Requirement | Use Case | Approach |
---|
Add new column | BigQuery schema: a, b, c New schema: a, b, c, d Write data for column d. | ALLOW_FIELD_ADDITION value can be set to SchemaUpdateOptions in JobConfigurationLoad, will always add nullable field. |
Remove existing column | BigQuery schema: a int, b int not null New schema: a int | |
Change column mode to less restrictive | BigQuery schema: a int not null New schema: a int | ALLOW_FIELD_RELAXATION value can be set to SchemaUpdateOptions in JobConfigurationLoad. |
Change column mode to more restrictive | BigQuery schema: a int New schema: a int not null | BigQuery does not allow column mode change to more restrictive, only full table reload can be used in this case. |
Change column type | BigQuery schema: a int New schema: a double | BigQuery does not allow changing column type, only full table reload can be used in this case. |
Full table reload | Remove existing data, load new data, possibly change schema | WRITE_TRUNCATE value can be set to WriteDisposition in JobConfigurationLoad. This option will always overwrite the schema along with the existing data. |
Use custom default for missing columns | BigQuery schema: a int, b int New schema: a int Add b column with custom default. | BigQuery Schema does not support default notion for columns, null value is written if value for column is missing.

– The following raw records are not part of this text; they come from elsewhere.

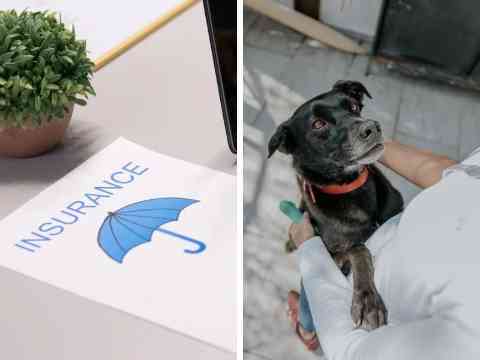 What Does Pet Insurance Cover?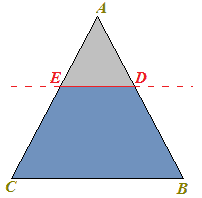 Trapezio
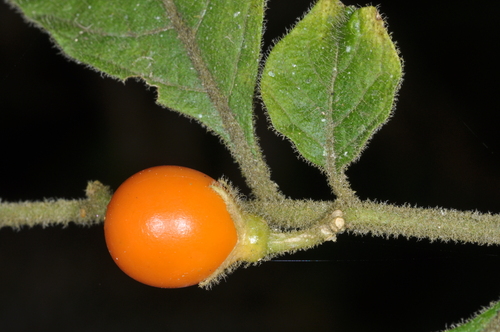 Solanum pseudocapsicum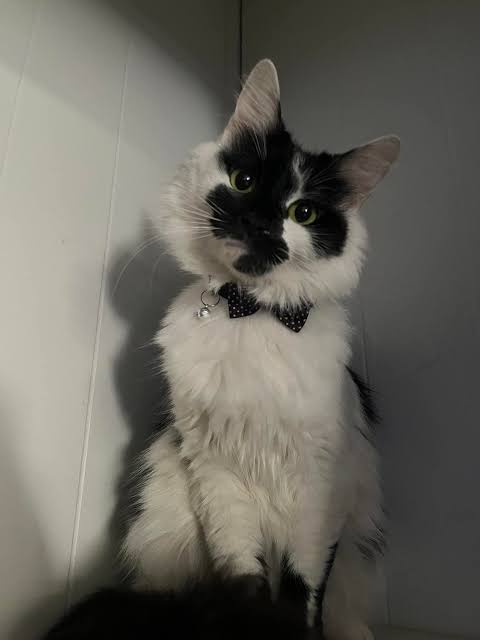 Reverse Tuxedo Cat Photos and Experiences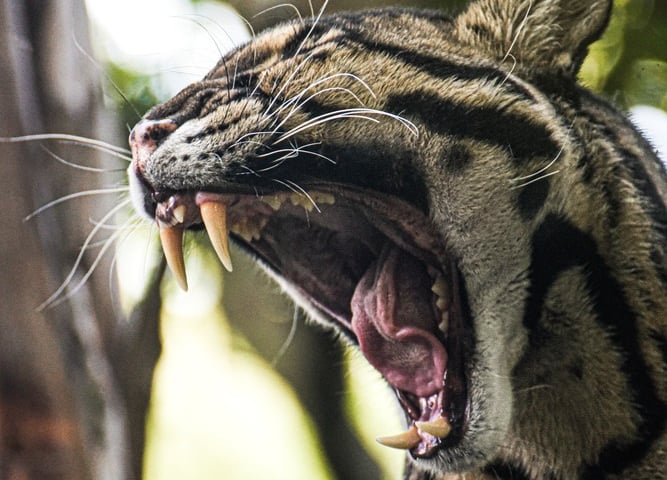 Pantera mglista z wrocławskiego zoo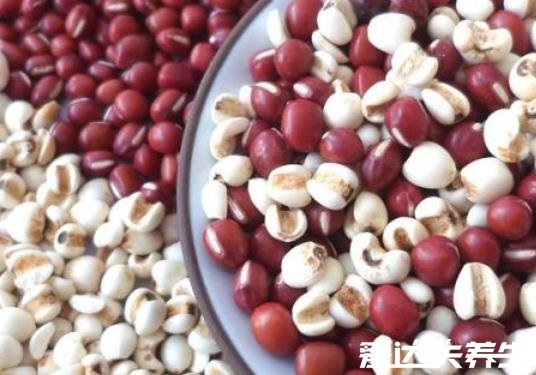 红豆薏米快速减肥法，红豆消肿/薏米排毒保证一周瘦十斤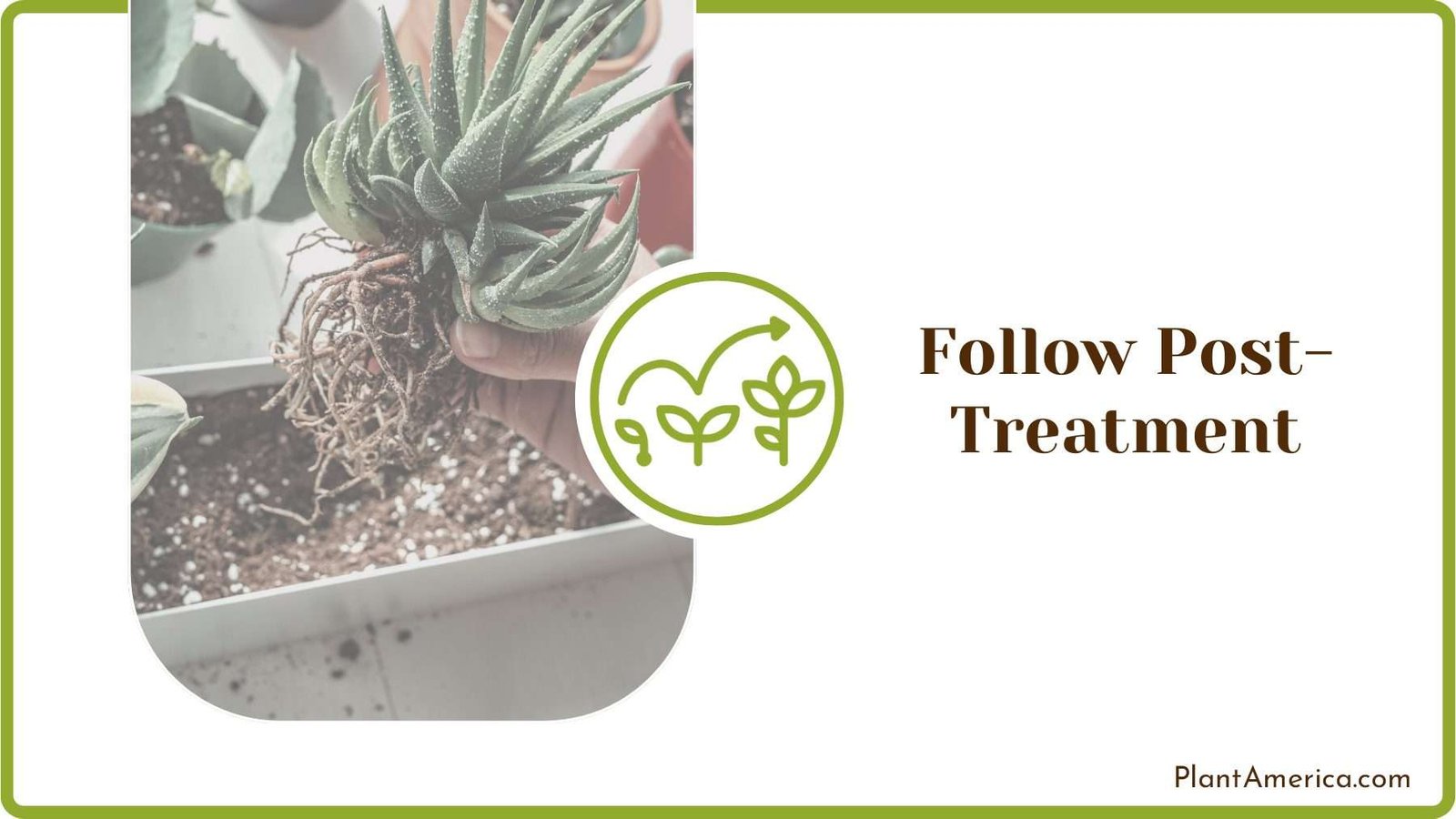 Proper Succulent Care Plant America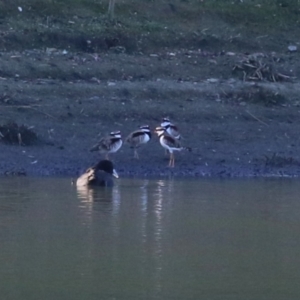 Charadrius melanops at Fyshwick, ACT - 15 May 2024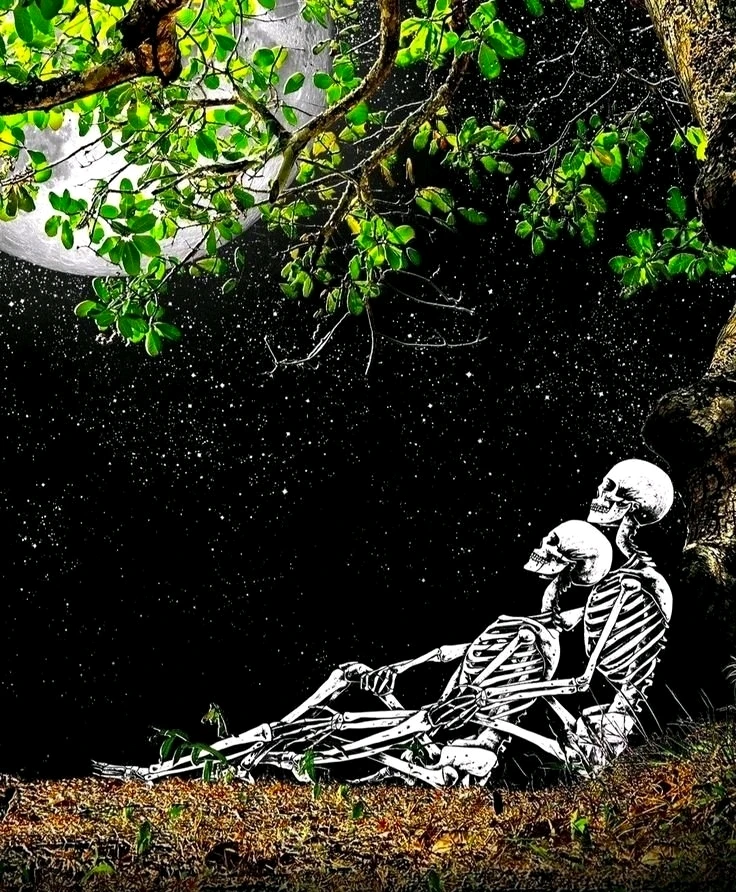 Image uploaded by 𝕔𝕙𝕒𝕣𝕝𝕚𝕖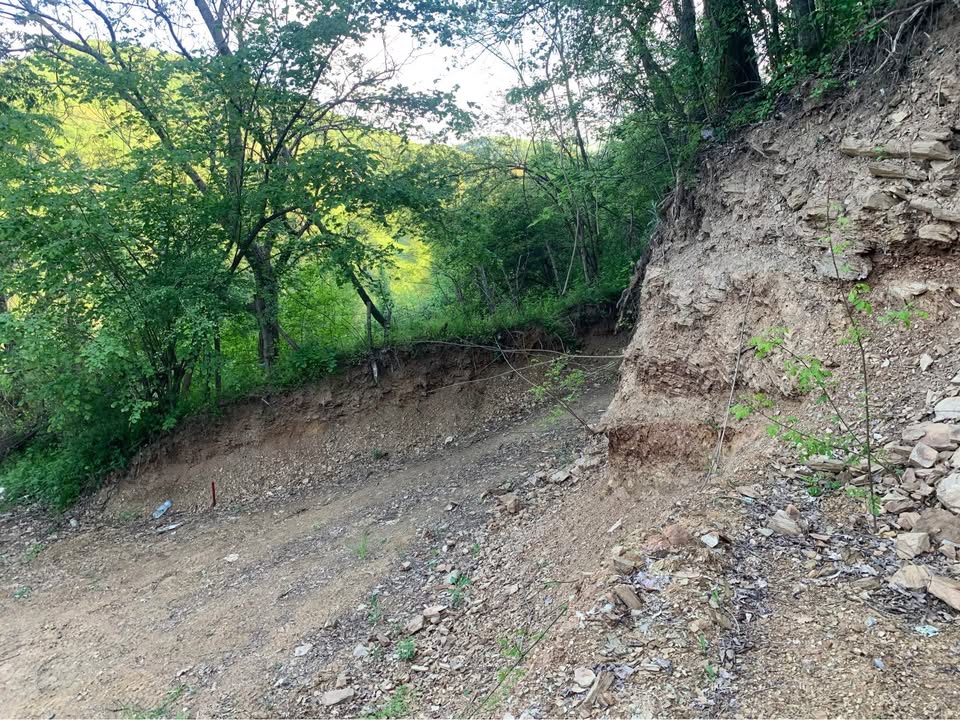 495895637 677565058485917 7103357063228526709 n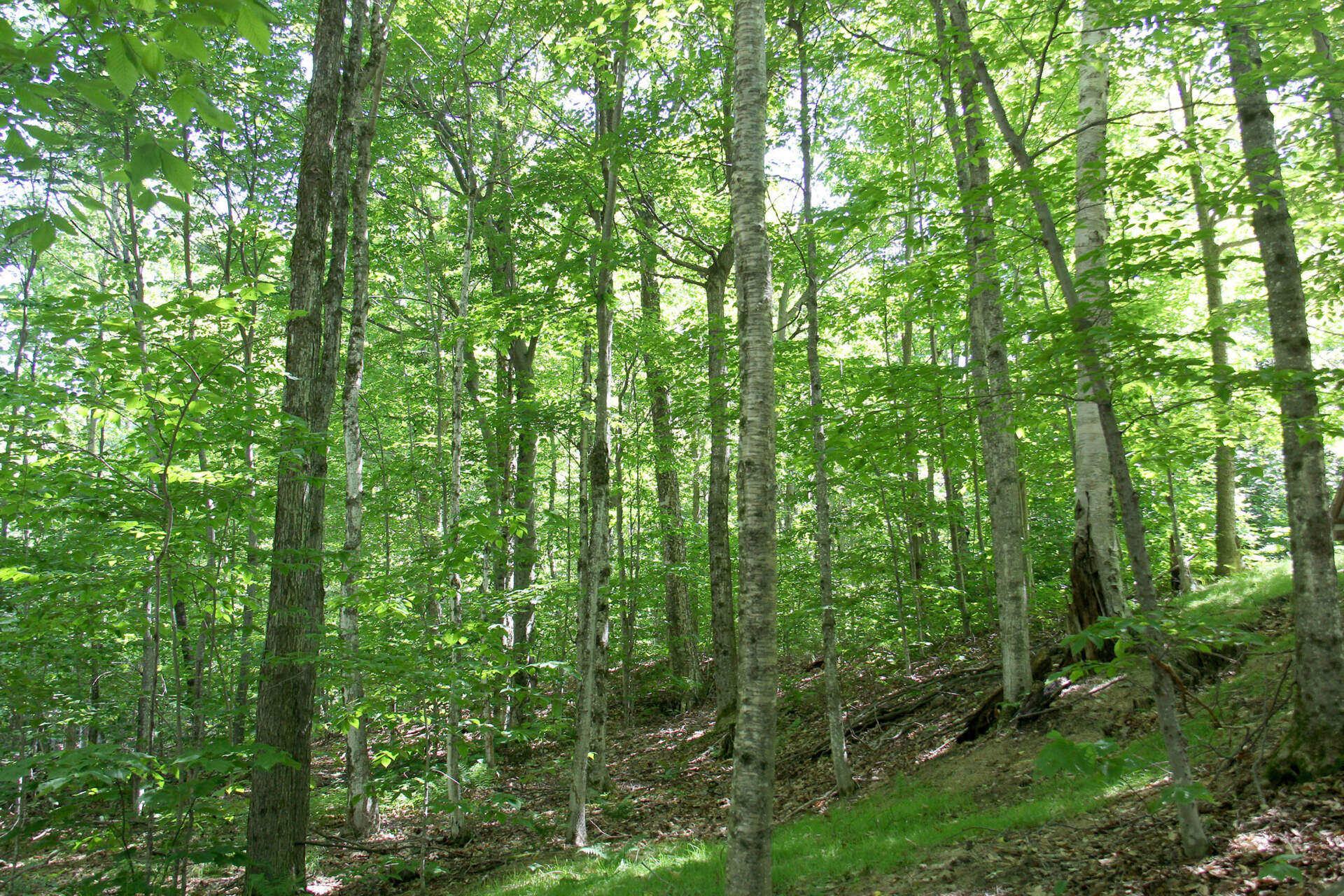 A forested area near the entrance of Underhill State Park on June 13. (Sophie Stevens/Vermont Public)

This can be handled using transformation plugin. |
Add custom default to new column for already existing data | BigQuery has data in columns a and b. New column c is added. Need to insert data into column c for already existing data. | BigQuery does not support default notion for columns. If new column is added, its value in existing rows will be null. In order to change it, only full table reload can be used. |